(2015 – 2022)
Improving the quality of education for children in Mozambique is what BETTER (Better Education through Teacher Training and Empowerment for Results) is all about.
Mozambique is a Portuguese-speaking country located on the eastern coast of Africa. Recent successes in Mozambique’s education sector include a dramatic increase in children attending school, with primary school enrolment going from 3.6 million students in 2004 to 5.3 million in 2011 (Government of Mozambique 2012).
Yet despite having more children attending school, their academic performance is poor. A 2011 study found that most students in grade 6 have not developed basic literacy and numeracy skills. Without an understanding of Portuguese, the language of instruction, they struggle to comprehend the content of the curriculum (SACMEQ 2011). A stronger focus on language and literacy is needed to improve students’ ability to succeed.
BETTER (Better Education through Teacher Training and Empowerment for Results) is intended to improve the quality of education for girls and boys in Mozambique by elevating the quality of teacher education at four of the country’s teacher training institutes, attended by approximately 1,200 student-teachers.
Specific improvements will promote gender equality, student-centered methodologies, literacy and language skills, and the creation of quality teaching materials in local languages and in sufficient quantities.

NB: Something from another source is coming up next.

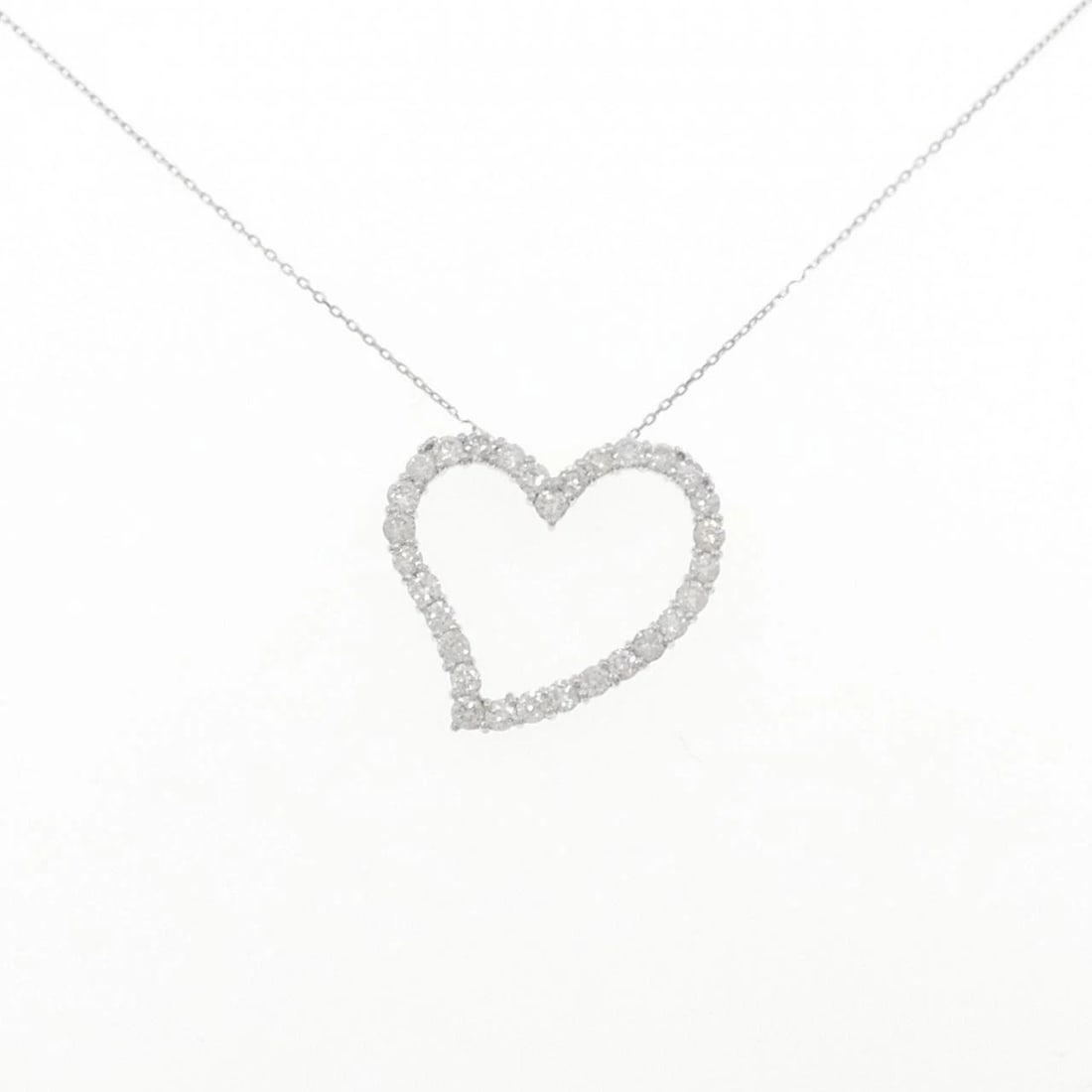 K18WG HEART DIAMOND NECKLACE: K18WG Heart Diamond Necklace Brand: Unbranded Type/Style: Diamond Necklace Material: K18WG, Color: White Gold Size: 40cm Actual Size Pendant length approx. x width approx.: 19.4mmx21.8mm Chain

The 7-year program (2015-2022) will impact 150 primary schools where student-teachers complete their practicums, representing nearly 50,000 primary school students. Although the impact is still being measured, the Mozambican Ministry of Education and Human Development has committed to eventually extending the approach to all 10 of the country’s provinces.
Associação Progresso is a two-time UNESCO Award-winning Mozambican civil society organization focused on supporting the quality of education in the country. In 2015, they were awarded the UNESCO King Sejong Literacy Prize recognized for innovation in regard to its “Literacy in Local Language, a Springboard for Gender Equality” program. Progresso received its first UNESCO International Reading Association Literacy Prize in 2005.
Progresso’s 30-year relationship with CODE began when CODE introduced a literacy initiative in Mozambique in 1991 and have worked together ever since.
BETTER in Mozambique is jointly funded with the Government of Canada through Global Affairs Canada, with additional support provided by Mozambique LNG.